- **Exercise requirements**: Please copy the leading lines of the entries below exactly, concluding with the line in which "Citroen DS3 Fuse module 9666952280" occurs.

- **Data for analysis**:
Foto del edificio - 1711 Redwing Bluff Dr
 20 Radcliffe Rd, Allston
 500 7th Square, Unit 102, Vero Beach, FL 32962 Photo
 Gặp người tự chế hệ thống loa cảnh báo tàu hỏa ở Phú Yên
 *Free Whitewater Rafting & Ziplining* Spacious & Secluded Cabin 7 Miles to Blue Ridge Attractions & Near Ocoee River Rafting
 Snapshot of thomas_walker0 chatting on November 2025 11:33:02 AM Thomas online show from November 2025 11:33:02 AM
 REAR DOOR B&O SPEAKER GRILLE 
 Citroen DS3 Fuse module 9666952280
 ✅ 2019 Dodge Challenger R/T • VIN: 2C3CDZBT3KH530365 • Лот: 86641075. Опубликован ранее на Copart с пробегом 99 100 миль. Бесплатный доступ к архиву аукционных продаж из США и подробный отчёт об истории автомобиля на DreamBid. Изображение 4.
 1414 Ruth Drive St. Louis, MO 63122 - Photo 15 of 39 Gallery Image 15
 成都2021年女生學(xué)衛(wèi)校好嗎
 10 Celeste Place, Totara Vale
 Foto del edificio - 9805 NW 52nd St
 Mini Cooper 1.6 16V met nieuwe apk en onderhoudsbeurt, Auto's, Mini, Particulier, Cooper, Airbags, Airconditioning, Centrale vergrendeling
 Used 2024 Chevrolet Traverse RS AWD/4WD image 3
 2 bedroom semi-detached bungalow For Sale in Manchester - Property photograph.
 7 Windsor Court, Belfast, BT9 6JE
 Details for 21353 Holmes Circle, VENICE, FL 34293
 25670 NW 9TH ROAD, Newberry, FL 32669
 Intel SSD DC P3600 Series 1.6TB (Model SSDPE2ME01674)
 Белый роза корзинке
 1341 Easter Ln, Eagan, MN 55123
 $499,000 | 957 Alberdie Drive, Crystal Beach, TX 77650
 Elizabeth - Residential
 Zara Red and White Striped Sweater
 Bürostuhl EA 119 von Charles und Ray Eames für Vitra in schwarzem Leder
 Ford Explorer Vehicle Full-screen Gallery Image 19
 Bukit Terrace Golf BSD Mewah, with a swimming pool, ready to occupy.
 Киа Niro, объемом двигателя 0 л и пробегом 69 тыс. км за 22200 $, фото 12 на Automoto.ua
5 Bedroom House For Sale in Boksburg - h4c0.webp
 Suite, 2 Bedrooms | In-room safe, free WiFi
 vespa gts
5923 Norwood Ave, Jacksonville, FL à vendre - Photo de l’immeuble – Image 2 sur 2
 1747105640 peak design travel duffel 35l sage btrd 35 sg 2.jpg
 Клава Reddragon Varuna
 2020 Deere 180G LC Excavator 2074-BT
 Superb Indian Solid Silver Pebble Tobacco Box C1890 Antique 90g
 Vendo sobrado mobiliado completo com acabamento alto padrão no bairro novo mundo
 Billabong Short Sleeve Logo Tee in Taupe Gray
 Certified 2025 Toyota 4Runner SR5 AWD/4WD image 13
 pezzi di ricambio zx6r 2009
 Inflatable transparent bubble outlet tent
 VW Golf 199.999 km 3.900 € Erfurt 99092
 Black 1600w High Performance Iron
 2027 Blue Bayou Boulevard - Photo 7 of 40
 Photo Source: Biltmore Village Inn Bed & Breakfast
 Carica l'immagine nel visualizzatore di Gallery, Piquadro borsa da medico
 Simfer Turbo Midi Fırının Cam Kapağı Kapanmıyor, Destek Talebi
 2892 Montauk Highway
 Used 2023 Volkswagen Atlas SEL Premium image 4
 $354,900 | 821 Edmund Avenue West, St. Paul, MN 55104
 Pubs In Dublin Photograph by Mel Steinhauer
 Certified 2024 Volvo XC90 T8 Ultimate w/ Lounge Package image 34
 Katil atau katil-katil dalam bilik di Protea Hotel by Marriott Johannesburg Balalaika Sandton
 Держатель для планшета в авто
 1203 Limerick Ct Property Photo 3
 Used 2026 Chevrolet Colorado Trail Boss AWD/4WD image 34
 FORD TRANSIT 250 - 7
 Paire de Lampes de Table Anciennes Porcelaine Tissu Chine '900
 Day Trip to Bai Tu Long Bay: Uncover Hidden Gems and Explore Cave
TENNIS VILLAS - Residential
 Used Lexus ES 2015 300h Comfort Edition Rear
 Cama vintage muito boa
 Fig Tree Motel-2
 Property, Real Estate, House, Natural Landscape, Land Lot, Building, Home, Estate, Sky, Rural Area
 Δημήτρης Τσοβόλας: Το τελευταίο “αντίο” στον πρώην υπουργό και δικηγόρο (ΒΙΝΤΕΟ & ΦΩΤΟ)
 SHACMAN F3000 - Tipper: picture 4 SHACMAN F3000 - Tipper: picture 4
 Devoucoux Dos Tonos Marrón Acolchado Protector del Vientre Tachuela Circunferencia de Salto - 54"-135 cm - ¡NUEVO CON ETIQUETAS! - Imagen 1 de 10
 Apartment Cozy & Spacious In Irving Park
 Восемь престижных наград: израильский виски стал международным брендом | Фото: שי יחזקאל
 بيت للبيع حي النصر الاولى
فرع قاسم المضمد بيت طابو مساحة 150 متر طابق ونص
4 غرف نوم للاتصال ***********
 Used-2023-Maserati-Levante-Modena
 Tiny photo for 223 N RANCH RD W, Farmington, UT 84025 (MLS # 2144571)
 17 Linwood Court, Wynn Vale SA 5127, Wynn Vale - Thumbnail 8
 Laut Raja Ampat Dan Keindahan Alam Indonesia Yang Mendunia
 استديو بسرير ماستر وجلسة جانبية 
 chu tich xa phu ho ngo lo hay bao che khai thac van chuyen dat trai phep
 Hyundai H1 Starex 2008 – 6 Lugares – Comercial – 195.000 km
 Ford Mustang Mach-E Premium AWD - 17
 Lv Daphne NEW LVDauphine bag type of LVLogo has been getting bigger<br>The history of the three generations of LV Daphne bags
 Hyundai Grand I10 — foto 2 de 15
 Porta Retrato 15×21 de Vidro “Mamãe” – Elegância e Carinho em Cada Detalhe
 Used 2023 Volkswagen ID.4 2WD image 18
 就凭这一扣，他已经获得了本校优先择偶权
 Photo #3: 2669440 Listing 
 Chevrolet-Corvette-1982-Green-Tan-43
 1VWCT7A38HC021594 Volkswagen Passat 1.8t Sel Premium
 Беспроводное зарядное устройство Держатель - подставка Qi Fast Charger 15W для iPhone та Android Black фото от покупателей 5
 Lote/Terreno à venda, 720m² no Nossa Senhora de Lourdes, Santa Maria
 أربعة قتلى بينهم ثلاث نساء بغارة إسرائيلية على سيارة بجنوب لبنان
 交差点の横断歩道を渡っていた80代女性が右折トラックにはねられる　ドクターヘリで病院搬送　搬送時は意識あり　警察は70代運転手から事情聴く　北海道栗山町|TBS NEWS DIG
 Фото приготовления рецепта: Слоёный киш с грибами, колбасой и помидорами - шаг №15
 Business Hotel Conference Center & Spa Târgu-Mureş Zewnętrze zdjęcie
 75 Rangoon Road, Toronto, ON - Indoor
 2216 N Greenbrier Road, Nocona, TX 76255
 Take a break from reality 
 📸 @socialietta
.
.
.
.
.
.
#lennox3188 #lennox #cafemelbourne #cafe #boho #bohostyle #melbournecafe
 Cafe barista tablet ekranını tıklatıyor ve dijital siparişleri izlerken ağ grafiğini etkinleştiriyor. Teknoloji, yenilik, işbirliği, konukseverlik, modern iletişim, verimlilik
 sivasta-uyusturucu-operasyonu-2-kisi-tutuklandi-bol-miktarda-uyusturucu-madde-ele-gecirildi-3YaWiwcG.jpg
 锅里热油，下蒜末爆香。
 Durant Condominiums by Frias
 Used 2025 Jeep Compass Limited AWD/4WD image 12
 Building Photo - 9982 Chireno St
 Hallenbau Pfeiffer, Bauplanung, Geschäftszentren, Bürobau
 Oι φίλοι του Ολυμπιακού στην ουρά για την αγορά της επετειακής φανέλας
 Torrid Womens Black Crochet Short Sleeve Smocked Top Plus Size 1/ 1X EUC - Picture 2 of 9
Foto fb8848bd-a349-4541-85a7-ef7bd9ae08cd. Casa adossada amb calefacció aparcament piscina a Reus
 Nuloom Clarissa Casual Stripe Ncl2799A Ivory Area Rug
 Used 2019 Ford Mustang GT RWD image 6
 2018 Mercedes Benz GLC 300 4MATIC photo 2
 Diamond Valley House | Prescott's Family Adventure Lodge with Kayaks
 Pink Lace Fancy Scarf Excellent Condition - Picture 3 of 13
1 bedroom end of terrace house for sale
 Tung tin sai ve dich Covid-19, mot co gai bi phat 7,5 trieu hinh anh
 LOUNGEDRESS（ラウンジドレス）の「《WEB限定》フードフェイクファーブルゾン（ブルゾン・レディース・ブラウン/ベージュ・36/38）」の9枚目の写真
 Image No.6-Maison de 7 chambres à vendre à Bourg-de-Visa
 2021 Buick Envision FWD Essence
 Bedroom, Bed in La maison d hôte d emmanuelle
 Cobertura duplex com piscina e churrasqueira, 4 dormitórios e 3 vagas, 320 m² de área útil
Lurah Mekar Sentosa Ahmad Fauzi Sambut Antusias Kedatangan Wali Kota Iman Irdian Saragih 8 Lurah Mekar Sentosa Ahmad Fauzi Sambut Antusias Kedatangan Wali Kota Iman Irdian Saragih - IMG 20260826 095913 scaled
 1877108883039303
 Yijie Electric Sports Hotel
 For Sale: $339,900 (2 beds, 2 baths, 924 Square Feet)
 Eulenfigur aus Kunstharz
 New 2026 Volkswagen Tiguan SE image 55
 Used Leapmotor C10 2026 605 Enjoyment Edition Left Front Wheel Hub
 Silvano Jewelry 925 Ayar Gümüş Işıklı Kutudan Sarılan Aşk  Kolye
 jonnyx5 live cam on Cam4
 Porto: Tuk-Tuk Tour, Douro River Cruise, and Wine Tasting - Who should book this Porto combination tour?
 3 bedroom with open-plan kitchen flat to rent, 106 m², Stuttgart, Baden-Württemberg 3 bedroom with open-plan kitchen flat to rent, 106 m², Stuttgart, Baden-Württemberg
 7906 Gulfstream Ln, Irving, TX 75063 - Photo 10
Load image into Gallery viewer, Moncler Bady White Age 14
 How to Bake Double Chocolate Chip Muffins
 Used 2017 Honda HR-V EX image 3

- **Output of the task**:
Foto del edificio - 1711 Redwing Bluff Dr
 20 Radcliffe Rd, Allston
 500 7th Square, Unit 102, Vero Beach, FL 32962 Photo
 Gặp người tự chế hệ thống loa cảnh báo tàu hỏa ở Phú Yên
 *Free Whitewater Rafting & Ziplining* Spacious & Secluded Cabin 7 Miles to Blue Ridge Attractions & Near Ocoee River Rafting
 Snapshot of thomas_walker0 chatting on November 2025 11:33:02 AM Thomas online show from November 2025 11:33:02 AM
 REAR DOOR B&O SPEAKER GRILLE 
 Citroen DS3 Fuse module 9666952280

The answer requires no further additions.